Much of the action, or inaction, in any Judge affair is built around an informal hangout for conversational laments. In “King of the Hill” it’s the alley, where the guys congregate to smoke, drink beer and bitch, and in “Extract” it’s the bar where a drug-slowed Dean with Jesus hair doles out shots and a string of bad advice.

Although Dean certainly helps things along, we all know going in that nothing comes easy for the Joels of the world, with this particular Joel in the process of being set up for a series of major league falls.

Things begin going south first at the company when an accident that begins with a few broken bottles escalates into a domino-falling chain of events that ultimately hits foreman wannabe “Step” (Clifton Collins Jr.) below the belt, hard. This is old-style slapstick, so even if you haven’t caught the scene on the endless loop of promo ads that have been playing, you guess the painful punch line long before Step does.

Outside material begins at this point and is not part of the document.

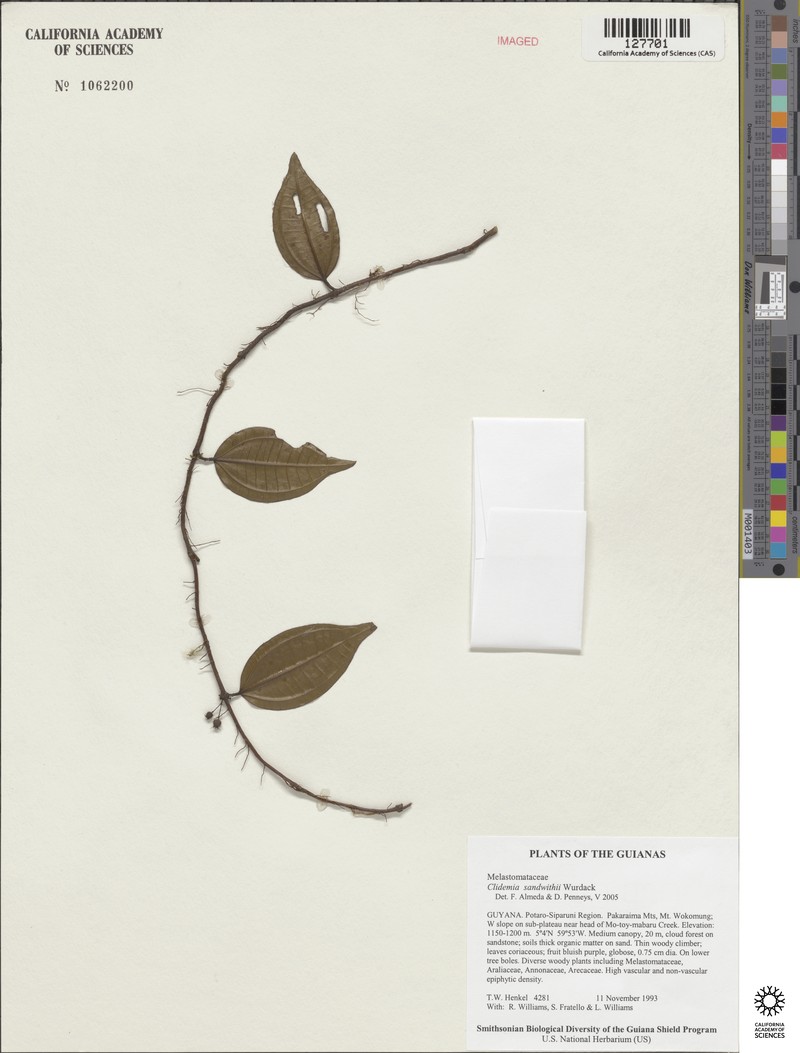 Miconia sandwithii photo 2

Into this mess saunters the lovely Mila Kunis as Cindy, a knockout temp in tight jeans and tighter shirts, and in short order she’s got Step filing a lawsuit and Joel thinking about cheating on his wife.

One of the trademarks of Judge’s work is the way he lets his characters talk themselves into bad ideas -- it’s a way for the filmmaker to play around with the notion of mutable morality. So Dean’s suggestion that Joel hire a gigolo (Dustin Milligan) disguised as a pool man to seduce his wife Suzie so that he can cheat on her guilt-free makes perfect sense.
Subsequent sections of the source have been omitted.